Download or read book The Mathematical Legacy of Eduard ech written by KATETOV and published by Birkhäuser. This book was released on 2012-12-06 with total page 445 pages. Available in PDF, EPUB and Kindle. Book excerpt: The work of Professor Eduard Cech had a si~ificant influence on the development of algebraic and general topology and differential geometry. This book, which appears on the occasion of the centenary of Cech's birth, contains some of his most important papers and traces the subsequent trends emerging from his ideas. The body of the book consists of four chapters devoted to algebraic topology, Cech-Stone compactification, dimension theory and differential geometry. Each of these includes a selection of Cech's papers, a brief summary of some results which followed from his work or constituted solutions to the problems he posed, and several selected papers by various authors concerning the areas of study he initiated. The book also contains a concise biography borrowed with minor changes from the book Topological papers of E. tech, a list of Cech's publications and a very brief note on his activity in the didactics of mathematics. The editors wish to express their sincere gratitude to all who contributed to the completion and publication of this book.

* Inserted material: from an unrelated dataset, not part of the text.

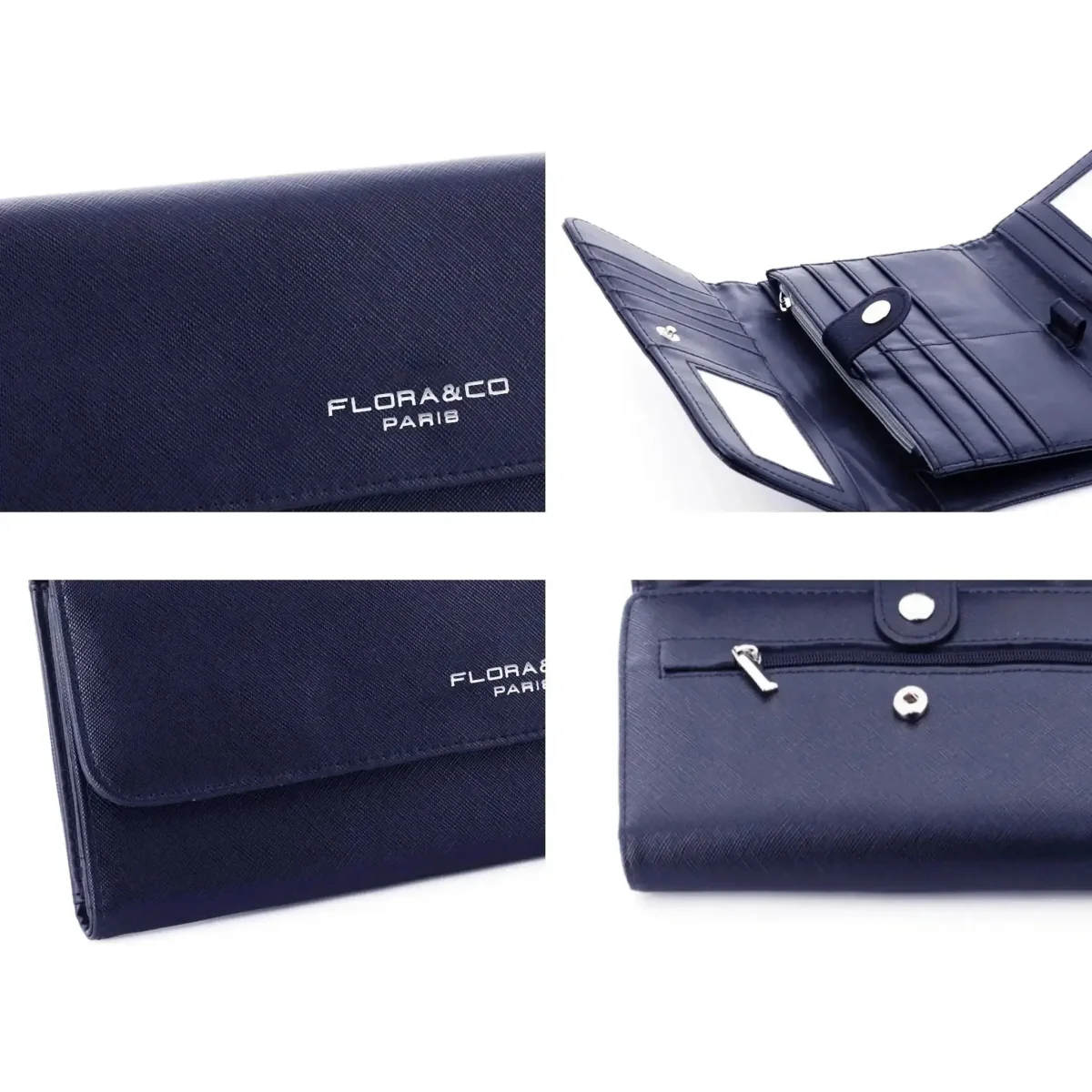 Portefeuille chéquier femme tout en un bleu marine – Image 7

Book Mathematical Legacy of Eduard Cech

Download or read book Mathematical Legacy of Eduard Cech written by 3Island Press and published by . This book was released on 1993-08-01 with total page 448 pages. Available in PDF, EPUB and Kindle. Book excerpt:

Book The Taming of Chance

    Book Details:
  • Author : Ian Hacking
  • Publisher : Cambridge University Press
  • Release : 1990-08-31
  • ISBN : 9780521388849
  • Pages : 282 pages

Download or read book The Taming of Chance written by Ian Hacking and published by Cambridge University Press. This book was released on 1990-08-31 with total page 282 pages. Available in PDF, EPUB and Kindle. Book excerpt: This book combines detailed scientific historical research with characteristic philosophic breadth and verve.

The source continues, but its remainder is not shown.